The hill that runs along the side of Ulaanbaatar, the capital of Mongolia, is still covered with yurts, the nomadic tent houses that have been used for millennia by the peoples of the steppe. Some stand in the lee of the power station on the hill and the wires overhead crackle with electricity.

Its four o'clock and school children in uniform pick their way through the dust and rubbish on their way home to their families in the yurt that often house up to eight people. The number of tents has actually increased this year following a "zud" winter in 2009, the Mongolian term for an extremely snowy winter where the livestock can't find food. Many of the new arrivals lost up a third of their animals, slaughtered the rest and moved to UB - as the locals call the capital - to look for work.

Mongolia started this millennium as one of the poorest countries in the world, but since work started on the Oyu Tolgoi (OT) copper-gold mine earlier this year everything has changed.

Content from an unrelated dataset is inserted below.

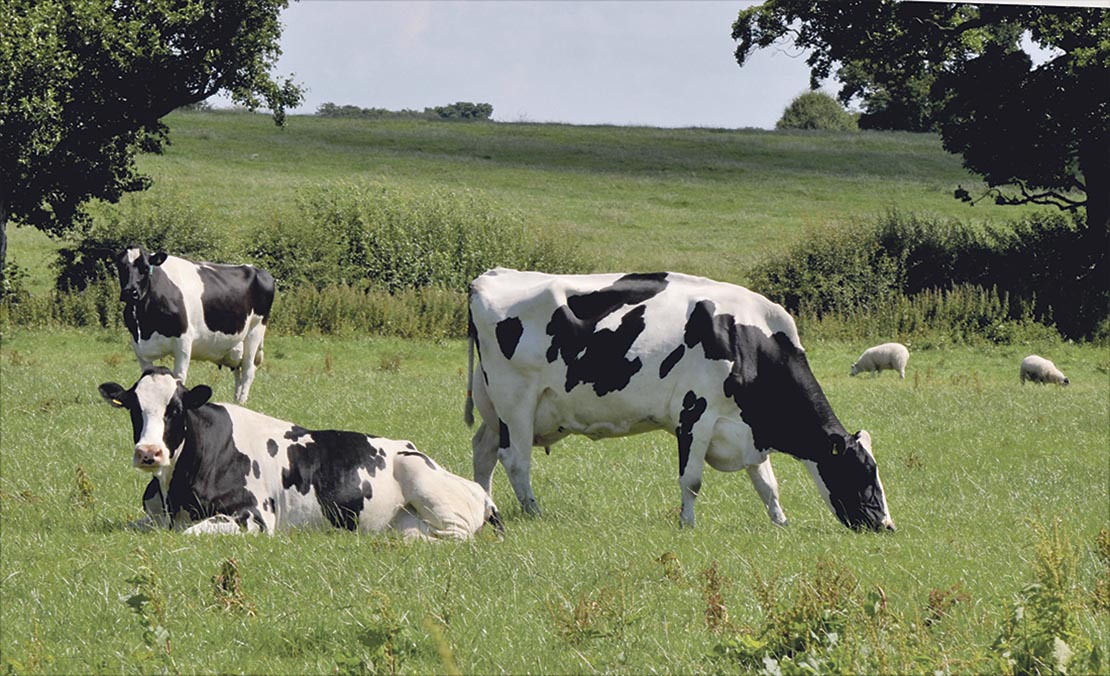 Raw milk gives family farm new future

The prospects for the herders in the yurts has improved dramatically in just the last year as the investment from just this one project already lifted the economy by a fifth and will drive growth for the next three years. But when the mine comes online in 2013, the economy should explode.

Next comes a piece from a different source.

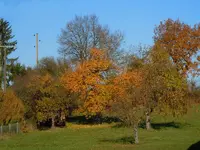 075.webp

Mongolia is a cornucopia of untouched natural resources. The OT mine is the investment that has primed the pump, but the catalyst that pushed the government into action has been the global economic crisis, and the phenomenal growth in next-door China will provide the fuel for what should become the success story of the decade.

Spurred to action

The government has dithered over the OT mine since copper and gold was first discovered there over a decade ago. However, the crisis spurred the Great Hural, Mongolia's parliament, into action last year when it signed off on a massive investment and development project for the deposit with Canada's Ivanhoe mines. The British-Australian Rio Tinto group also has a stake in the mine, which holds more than 37m tonnes of copper and 46m ounces of gold in measured, indicated and inferred resources.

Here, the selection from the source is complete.